**WORK INSTRUCTION:** Could you transcribe the entries below exactly, starting at the line that contains "Louis Vuitton Tote — view 3" and stopping at the last line, without any pictures?

**RECORDS:**
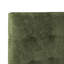Candi in Distressed Green-1116358701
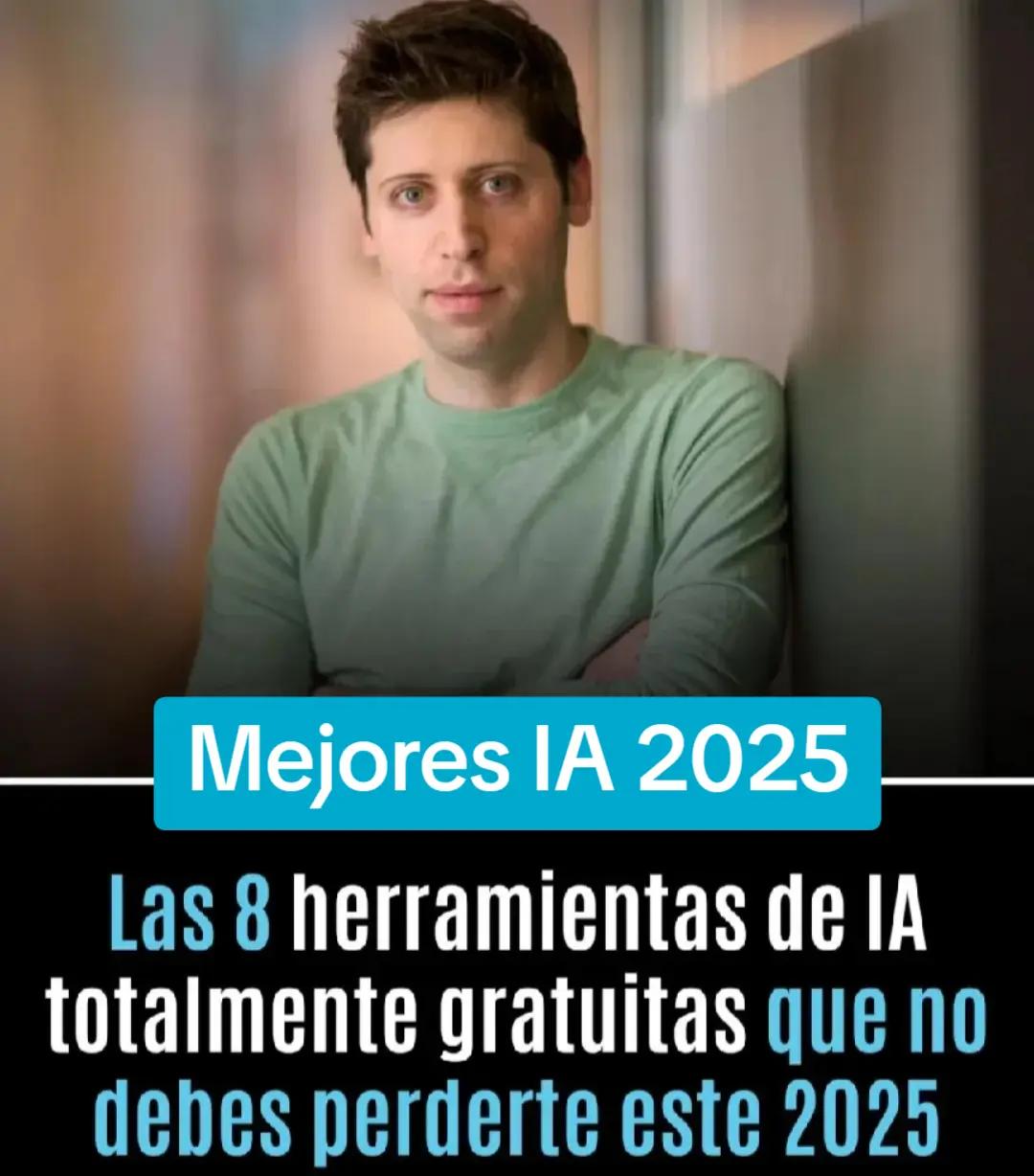 @Metacre Ⓜ️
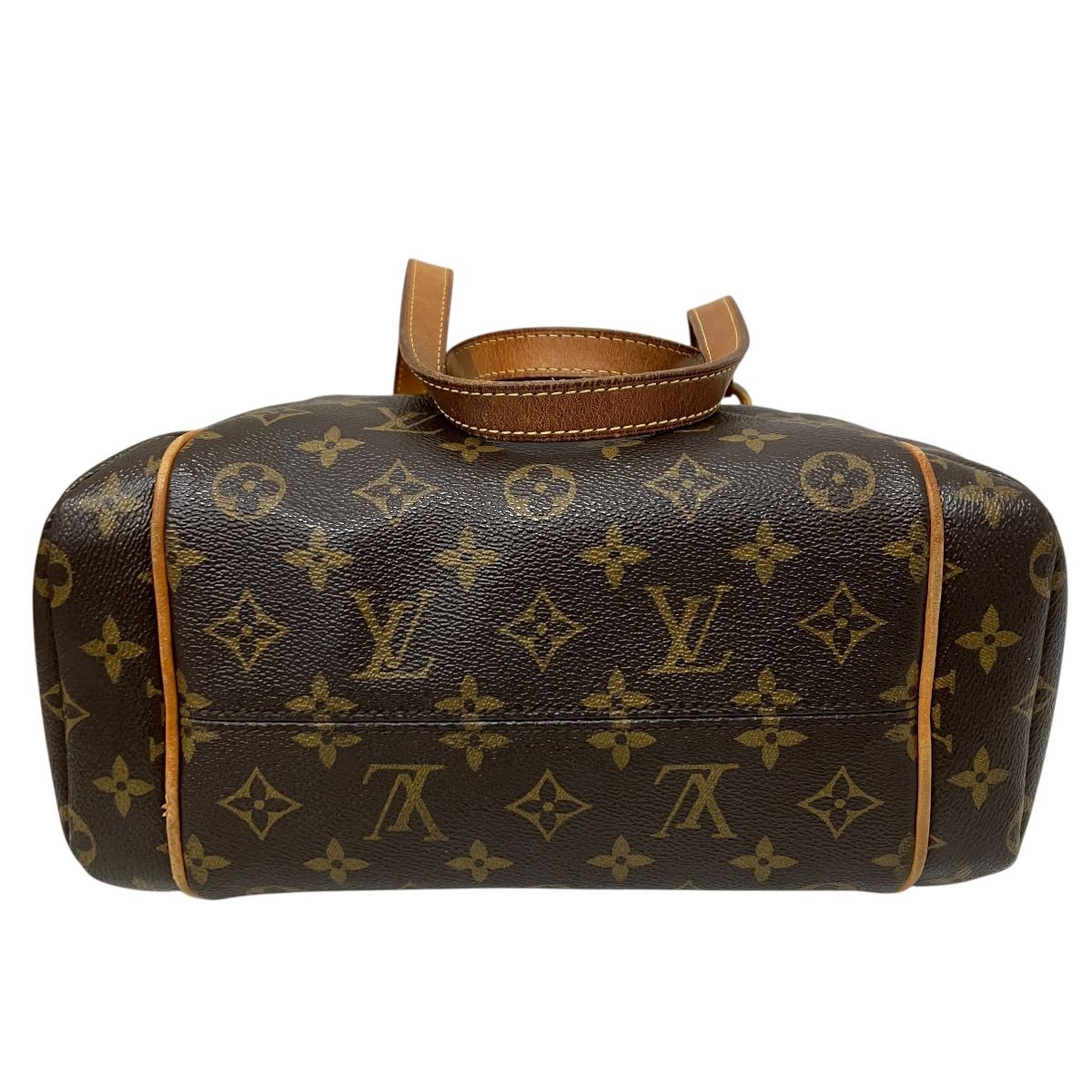 Louis Vuitton Tote — view 3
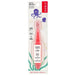 RADIUS, Totz Brush, 18 Months +, Extra Soft, Coral, 1 Toothbrush - HealthCentralUSA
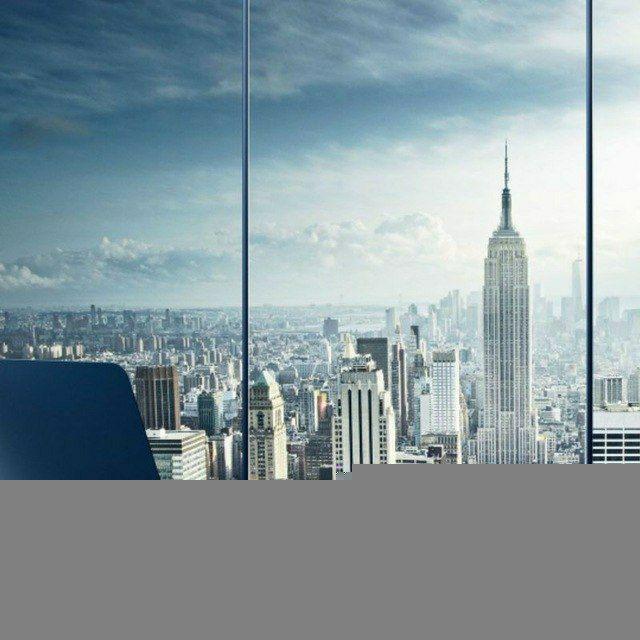 Entrepreneurial journey ®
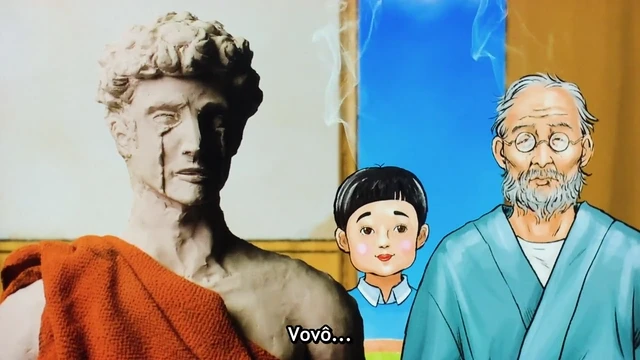 Episódio 07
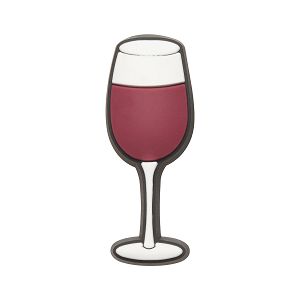 Wine Glass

**ANSWER:**
 Louis Vuitton Tote — view 3
 RADIUS, Totz Brush, 18 Months +, Extra Soft, Coral, 1 Toothbrush - HealthCentralUSA
 Entrepreneurial journey ®
 Episódio 07
 Wine Glass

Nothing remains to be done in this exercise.